» **Supplied information**:
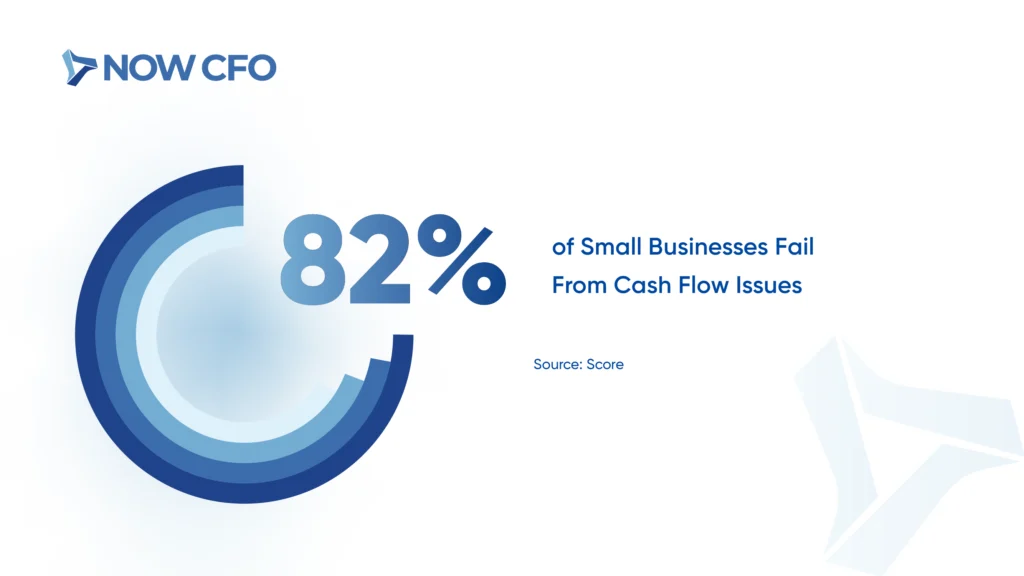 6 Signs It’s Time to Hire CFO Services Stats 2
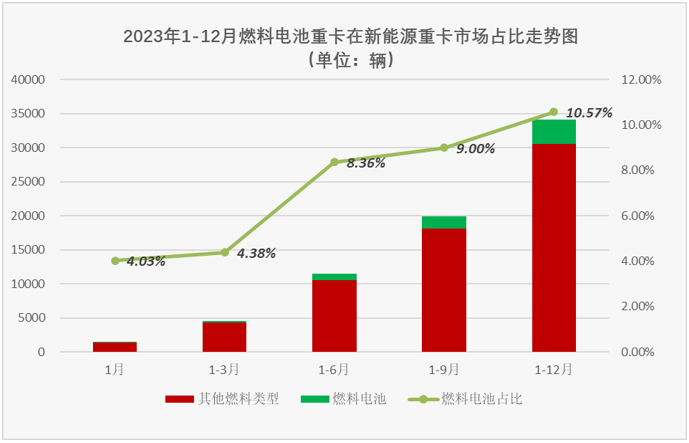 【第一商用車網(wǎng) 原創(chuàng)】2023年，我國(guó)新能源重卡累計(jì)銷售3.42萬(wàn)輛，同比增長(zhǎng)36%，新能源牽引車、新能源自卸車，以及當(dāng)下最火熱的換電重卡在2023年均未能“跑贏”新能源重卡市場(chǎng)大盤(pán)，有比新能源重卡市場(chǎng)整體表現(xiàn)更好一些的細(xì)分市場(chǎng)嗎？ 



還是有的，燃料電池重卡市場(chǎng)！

* * *

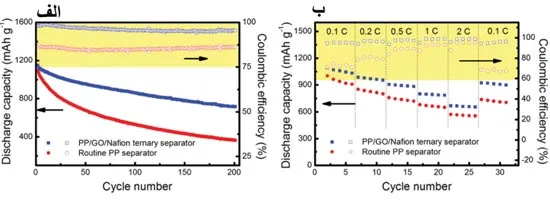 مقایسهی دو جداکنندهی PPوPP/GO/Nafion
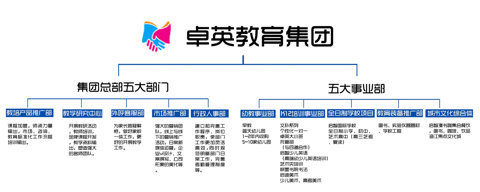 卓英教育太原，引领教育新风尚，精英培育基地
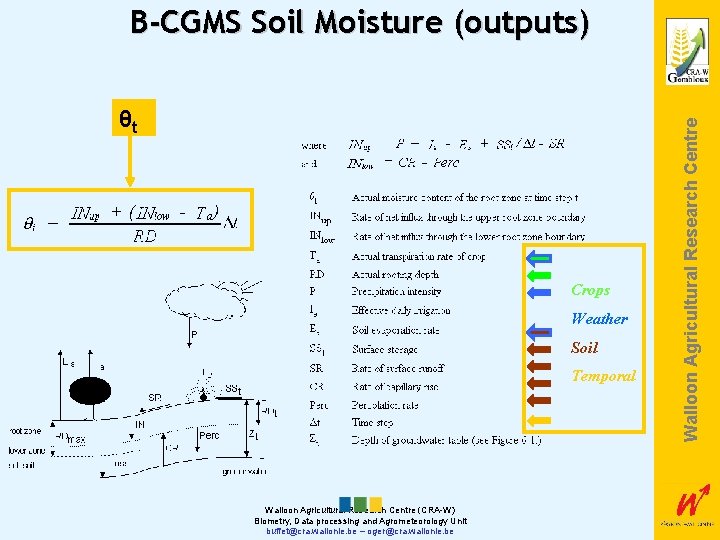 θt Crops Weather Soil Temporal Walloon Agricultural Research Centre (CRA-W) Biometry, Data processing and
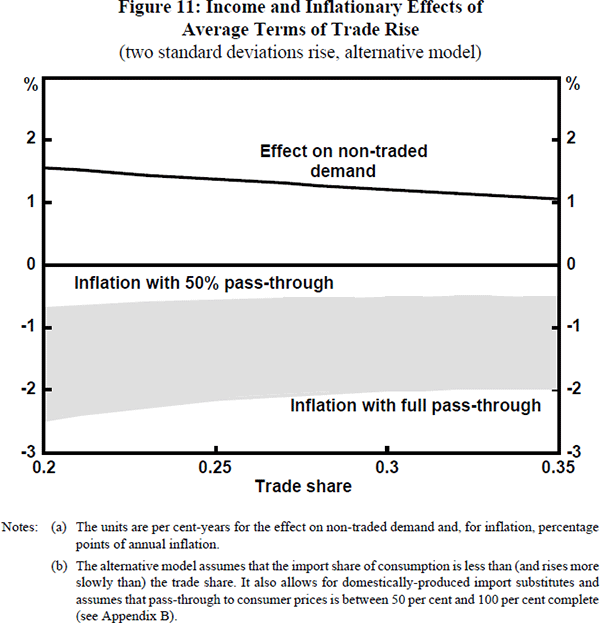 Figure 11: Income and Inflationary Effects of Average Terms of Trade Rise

» **Exercise aim**: Using the listing above, restate exactly the range between the lines holding "θt Crops Weather" and "Figure 11: Income", inclusive, with pictures left out.

» **Written solution**:
 θt Crops Weather Soil Temporal Walloon Agricultural Research Centre (CRA-W) Biometry, Data processing and
 Figure 11: Income and Inflationary Effects of Average Terms of Trade Rise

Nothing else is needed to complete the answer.